Yes, that's really difficult. Many couples then need a new project to be able to experience themselves differently again.

Or become even more estranged.

Yes, there are always tendencies towards alienation. That's the price you pay when you have children. I don't know any parents in my circle of friends who don't get into trouble from time to time because of this functionalisation of the relationship.

Your daughter wants to be a journalist?

Yes, and she wants to study in Berlin. So she will be moving out of home in the not too distant future.

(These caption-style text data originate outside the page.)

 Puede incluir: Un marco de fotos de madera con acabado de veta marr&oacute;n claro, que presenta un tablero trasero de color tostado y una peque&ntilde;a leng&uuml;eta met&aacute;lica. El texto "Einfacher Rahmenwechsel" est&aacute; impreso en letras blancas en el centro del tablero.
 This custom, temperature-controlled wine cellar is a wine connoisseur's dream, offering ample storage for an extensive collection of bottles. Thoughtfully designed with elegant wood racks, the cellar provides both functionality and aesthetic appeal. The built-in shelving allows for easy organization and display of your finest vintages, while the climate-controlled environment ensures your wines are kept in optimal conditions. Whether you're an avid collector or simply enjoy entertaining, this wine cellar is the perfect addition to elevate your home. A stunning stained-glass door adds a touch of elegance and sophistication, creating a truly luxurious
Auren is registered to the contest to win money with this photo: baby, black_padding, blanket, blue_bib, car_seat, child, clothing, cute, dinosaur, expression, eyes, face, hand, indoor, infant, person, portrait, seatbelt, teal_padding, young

Does that give you a stomach ache?

I'm much more sentimental than my wife. I imagine it like this: I drive Carla to Berlin, the car full to the brim with her stuff, and I help her unload everything. Then I walk through the flat share she's moving into and think: «Oh God, oh God». Then I have to let go. But first there's the A-levels. Is homework a point of contention? Carla and Nick go to a Montessori school. The performance principle is a little different there. But of course they still have to study. Whingeing doesn't help. The stupid vocabulary has to be memorised in some way. So I'm pragmatic. I say, why don't you do the 12 vocabulary words and then you're done. Sometimes it helps, but not always.

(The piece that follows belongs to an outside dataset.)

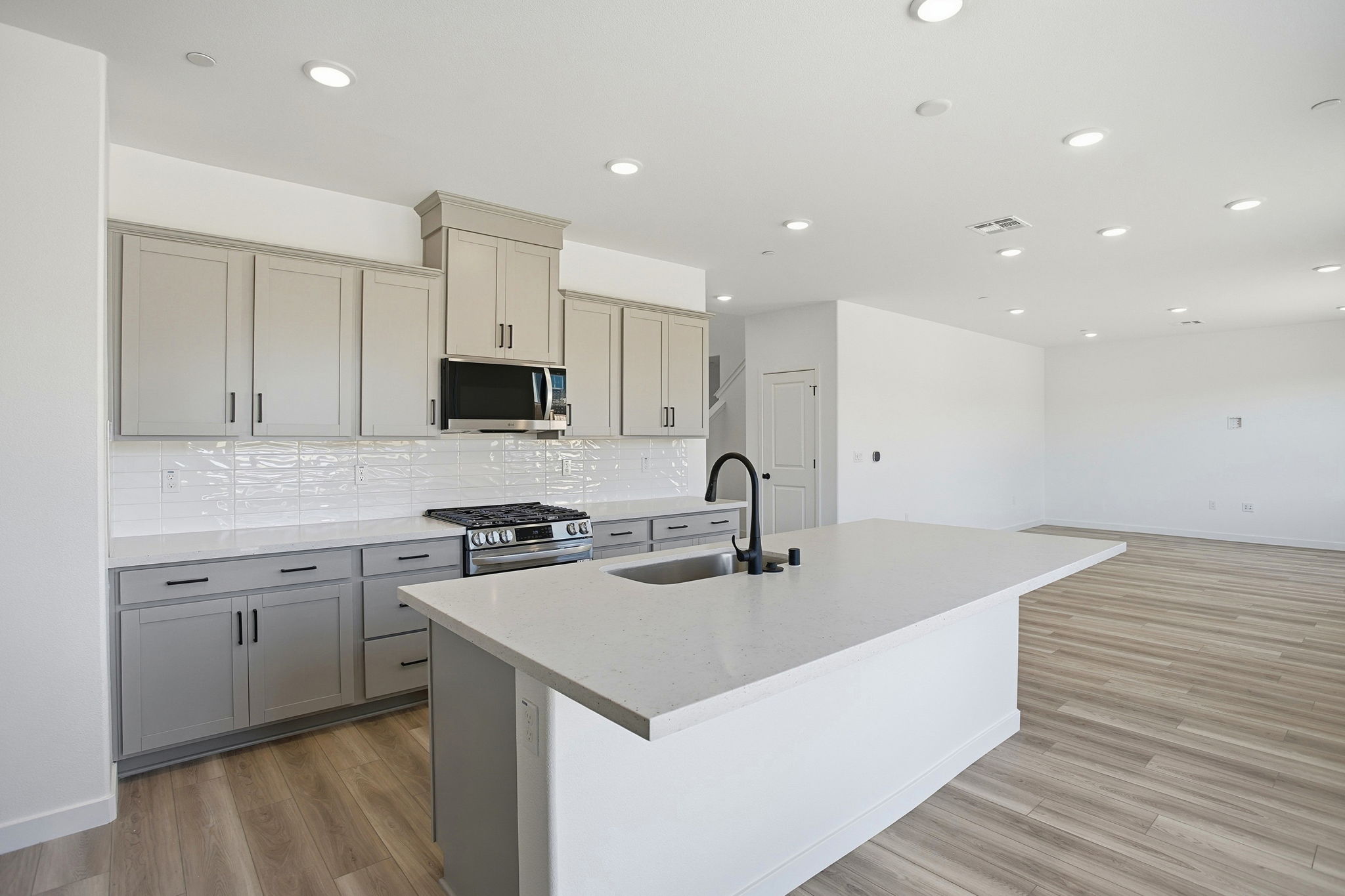 A kitchen with white cabinets.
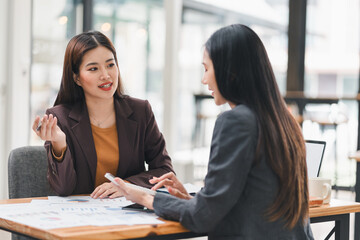 Wall Mural - Two businesswomen in formal attire having discussion at desk with charts and graphs, focusing on data analysis and teamwork.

Are good grades important to you?

No. I got stuck at school myself, as did my wife. I'm not an achievement fetishist. I know that when Carla is ready, something will click and she'll sit down and study. And if it takes a little longer, then it will take a little longer. I don't think a year more or less matters in a person's life.

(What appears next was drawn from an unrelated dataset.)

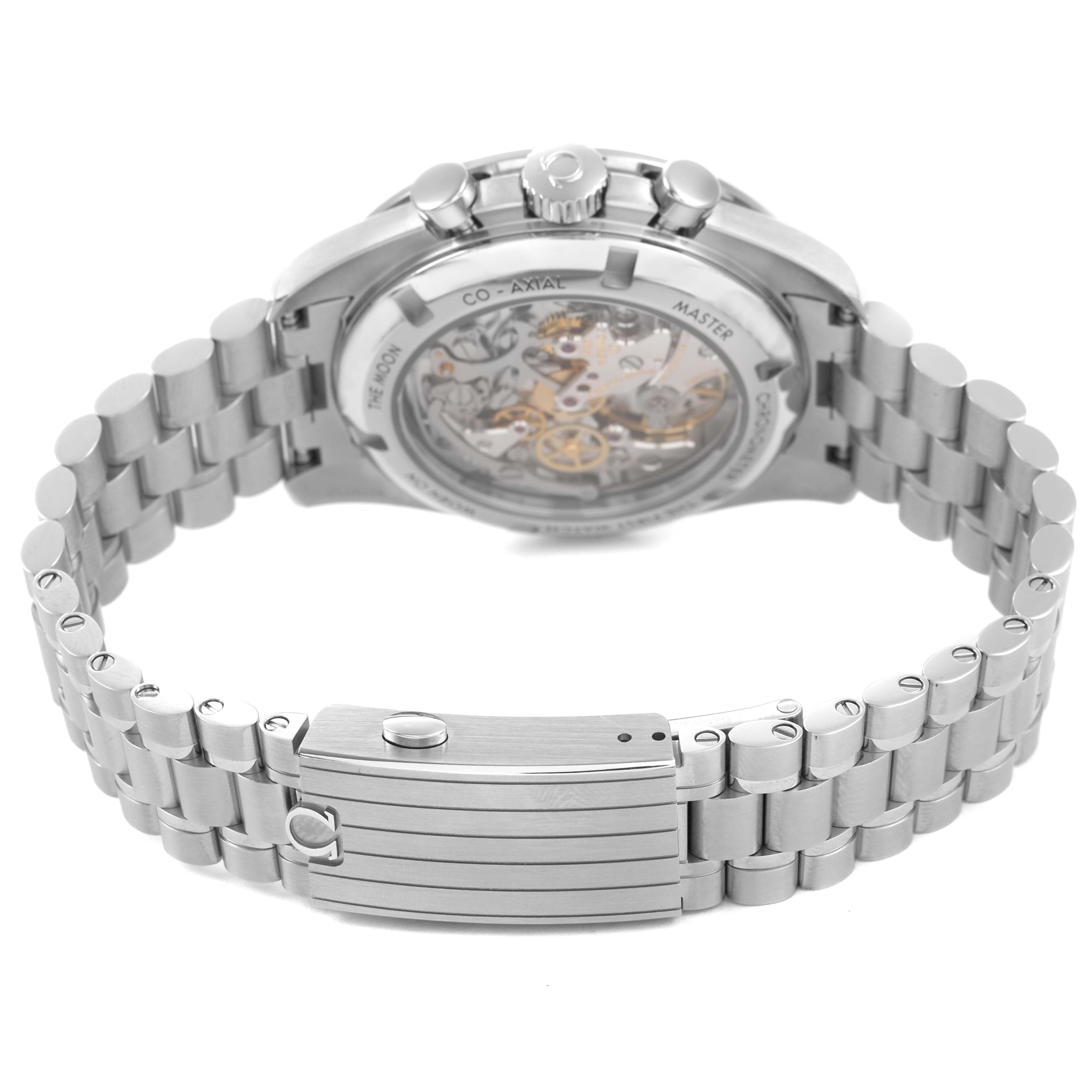 The image shows an Omega Speedmaster 310.32.42.50.01.002 Mens Stainless Steel Black Dial watch from the back, highlighting the transparent case back and metal bracelet.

What if she just hangs around?

Yes, I did that too. After leaving school, I just hung around, slept and partied for four months until my civilian service. Since then, I've worked for 28 years straight, never had more than three or four weeks holiday at most, but always worked like a maniac. So I think it's okay to hang around a bit beforehand.


Jan Weiler about:

The hardest thing about puberty ...
... is that you don't understand your children and they don't understand you either. That you worry so much. About the party, about the people there. When they come home late. Not calling.
The best thing about puberty ...
... is the creativity of children. And the emerging intellectuality. Children are very inspiring and also inspired personalities. The other day, my son was sitting at breakfast, smelling his sleeve and said this banging sentence: «I love the smell of kebab in my bathrobe.» That's just lovely then.
Bullying ...
... doesn't happen at my children's school. No up there or down there. And no one has any arrogance. Very pleasant.
Hype about grammar school ...
We know children who get extra tuition as early as Year 4. And they hear: If you don't get into grammar school, everything is messed up. I think that's so awful.
The ideal school ...
I'm an opponent of the «cube of education». There are children who are extremely interested in chemistry or Latin, but have no interest in gymnastics. And yet they still have to break their shins on the uneven bars. I'm in favour of total freedom at school. Of course, everyone should master the basics. But beyond that, children need to be encouraged in their special talents. That should make up at least 70 per cent of their time at school.


About Jan Weiler

Jan Weiler, born in Düsseldorf in 1967, was an advertising copywriter and editor-in-chief of «SZ Magazin». He has been a freelance journalist and writer for twelve years. His novel «Maria, ihm schmeckts nicht» about his Italian father-in-law was made into a film in 2009. We met him on his reading tour for his new book «Im Reich der Pubertiere». Weiler also writes radio plays and audio books. He lives with his family near Munich. His columns have appeared in «Welt am Sonntag» and on his website www.janweiler.de.